A l'origine du mouvement 15-M
Depuis le 15 mai (d'où le 15-M), les rangs des mécontents réunis devant la mairie de la capitale espagnole n'ont cessé de grossir. Et ce malgré l'interdiction émise par les autorités peu avant le scrutin. Etudiants, retraités, salariés, chômeurs... mais aussi protestataires contre l'impunité qui entoure encore les crimes du franquisme, comme le souligne le quotidien de gauche Publico. Quel sont les facteurs communs qui unissent cette mosaïque de manifestants?

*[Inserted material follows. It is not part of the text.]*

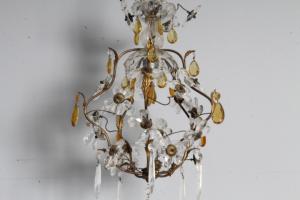 Antiker Jugendstil-Kronleuchter mit Anhängern und Kristallblumen 1930. Maße H cm 60 Durchmesser cm 30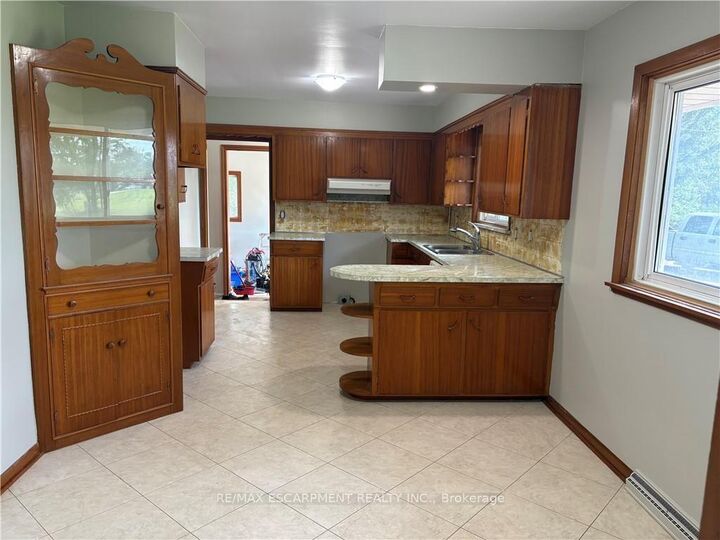 Property Photo:  5697 Regional Road 69 N/A  ON L0R 1Y0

Le chômage est le premier mot qui leur vient à la bouche. Avec un taux record de 21,29% de la population active, il touche même 41,27% des 20-24 ans et 27,24% des 25-29 ans, selon les chiffres de l'Institut national de statistiques espagnol. Le chômage est la préoccupation numéro un des Espagnols. Interrogés par le Centro de Investigaciones Sociologicas, ils sont 82,8% à le citer parmi les trois sujets qui les inquiètent le plus en avril dernier, loin devant la crise économique en général (47,3%, en recul).
"Réflexion en cours", "arrêtez de nous prendre pour des idiots", 'l'opium du peuple, très peu pour moi", lit-on sur les pancartes...
REUTERS/Sergio Perez
Après des années déjà difficiles, la frustration des jeunes diplômés explose. Car ceux qui réussissent à décrocher un emploi ne roulent pas sur l'or. Depuis quelques années déjà, on les surnomme les "mileuristas" ou "la génération des mille euros". Le quotidien El Pais dressait un portrait de cette catégorie sacrifiée, économique parlant, et contrainte de rester vivre dans le cocon familial bien au-delà de la barre des 28 ans d'un Tanguy "classique", en 2005.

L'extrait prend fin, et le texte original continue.